Kevin is right to note the serious problems with Roman Mariology. For one thing, it is not as ancient as many make out. The time which lapses between the Apostles and the first real signs of anything like the Marian cultus as practiced by the East is something like the time between the founding of Jamestown and now. Obviously, a great deal can happen in that time, not all of it good.

But as for your basic argument, it simply doesn’t follow: to say that the Church is mother, is not to say that the Church is mediator in the sense required by Roman devotion. There is no “Church” in between any soul and Christ; the union of the children of Adam with God in Christ *is* the “church”: the church is not a separate thing over and above any justified soul; when we say that the church is “mother”, we mean something like what is implied when we say that humanity is our mother: it is the material principle. The church does not intercede without me, nor does it mediate anything to me as if other than me. Thus, even a strong typological identity of Mary’s maternity and the Church’s does not imply mediation in any sense other than the material. Historical or material mediation does not get you to the kind of mediation explicitly taught in RC devotion, where Mary, representing the “Church” conceived as a reification of alienated believerhood, acts as a principle of mercy holding back the wrath of the Son, the channel of grace between God (to whom Jesus is monophysitically reduced in this scheme ) and man, etc.

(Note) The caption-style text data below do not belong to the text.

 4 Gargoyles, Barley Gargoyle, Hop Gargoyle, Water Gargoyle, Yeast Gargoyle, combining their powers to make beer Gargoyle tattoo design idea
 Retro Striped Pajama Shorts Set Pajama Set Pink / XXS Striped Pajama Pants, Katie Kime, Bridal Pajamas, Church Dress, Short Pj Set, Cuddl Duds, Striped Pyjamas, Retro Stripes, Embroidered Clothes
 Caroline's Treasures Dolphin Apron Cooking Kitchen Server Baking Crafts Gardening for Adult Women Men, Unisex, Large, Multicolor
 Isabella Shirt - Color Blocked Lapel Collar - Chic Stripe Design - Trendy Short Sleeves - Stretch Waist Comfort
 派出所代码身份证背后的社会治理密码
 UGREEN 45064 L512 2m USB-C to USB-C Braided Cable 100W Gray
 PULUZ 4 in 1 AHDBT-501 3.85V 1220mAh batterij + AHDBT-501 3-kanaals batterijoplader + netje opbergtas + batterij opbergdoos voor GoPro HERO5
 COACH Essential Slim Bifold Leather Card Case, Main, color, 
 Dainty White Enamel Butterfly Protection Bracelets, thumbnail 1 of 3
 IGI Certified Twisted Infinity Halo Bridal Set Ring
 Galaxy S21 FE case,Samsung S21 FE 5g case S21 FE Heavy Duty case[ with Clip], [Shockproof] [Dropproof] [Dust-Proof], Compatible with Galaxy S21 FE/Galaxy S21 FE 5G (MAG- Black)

And please spare me explanations that such are merely “popular” or “local” abuses : I would be ready to reply with a *vast* collection of fully imprimatured manuals, sermons, and so forth, showing that such really is the the lex orandi of Rome. In any case, one needs to be very careful to not confuse senses of a term. I once introduced two people to one another, and they are now married; but my historical mediation of their union does not, for example, imply that their married life continues to depend upon me in anything other than an historical way. I am not the mediator of their union in any further sense.

peace_Peter

Comment by Peter Escalante — August 16, 2007 @ 8:21 pm

Michael,

My ecclesiological commitments are apparent: your pointing out that I have them is no revelation, and certainly no argument. What of my situatedness do you think still undisclosed, and that you would wish me to declare?

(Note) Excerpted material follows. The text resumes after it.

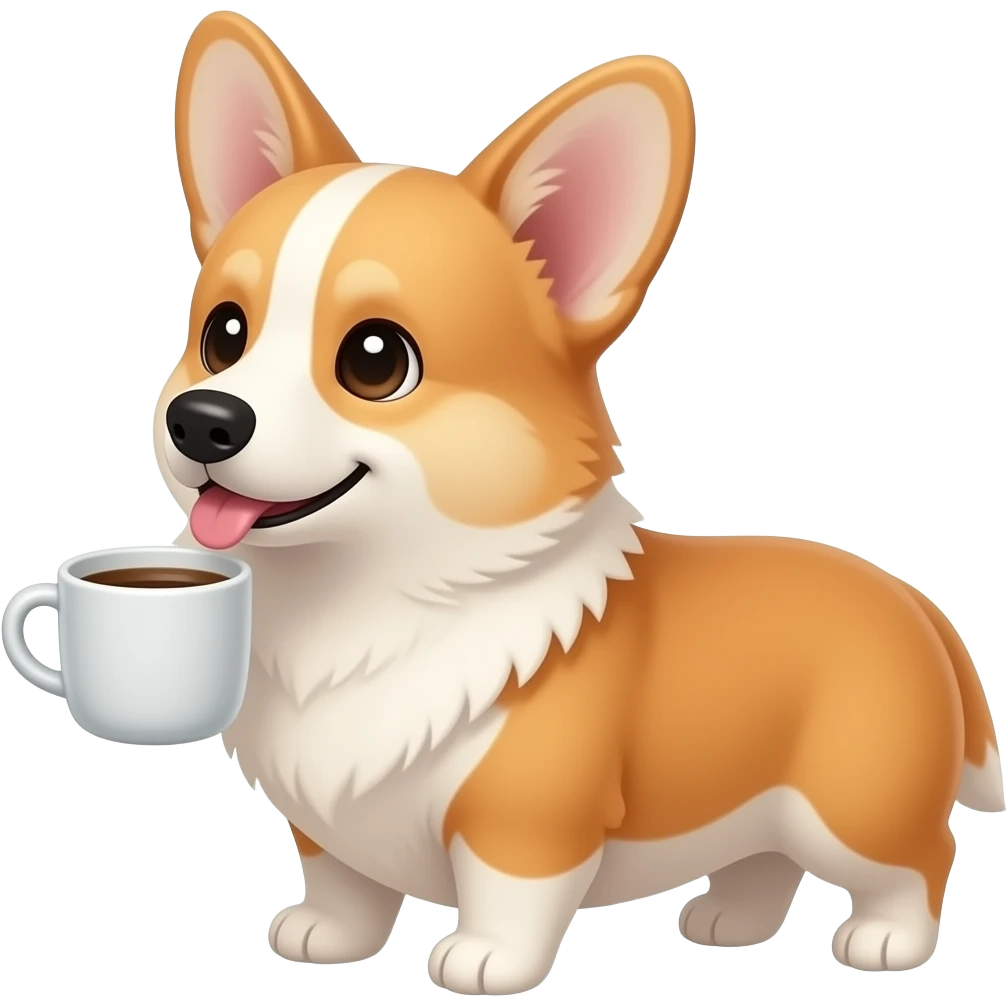 corgi drinking coffee cute emoji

Michael, I am no longer much disposed to pull punches with you, as has been my custom before now: your discourse on these on controverted topics is becoming increasingly more irresponsible and hinging on loose analogies, fallacy, conjecture, and confusion of senses, and lately, you have actually lapsed into offensive ad hominem remarks. I was astonished by your little outburst of some days ago but ignored it and would have continued to ignore it had you not brought it up once again.

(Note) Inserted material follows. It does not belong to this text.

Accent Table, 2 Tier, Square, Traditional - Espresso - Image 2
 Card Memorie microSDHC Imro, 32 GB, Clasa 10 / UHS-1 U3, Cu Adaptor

So, to get that first thing out of the way: the reason I haven’t replied to your invitation to engage Ratzinger’s thought on Purgatory is because you are unwilling to read Roman theologians on Roman terms, as Josh has already quite ably pointed out regarding you on this matter. Anything Ratzinger says is to be read within and as normed by the hermeneutic constraints of prior teaching, and you, frankly, read- or rather, read away- that prior teaching as a liberalizing outsider, and thus unreliably.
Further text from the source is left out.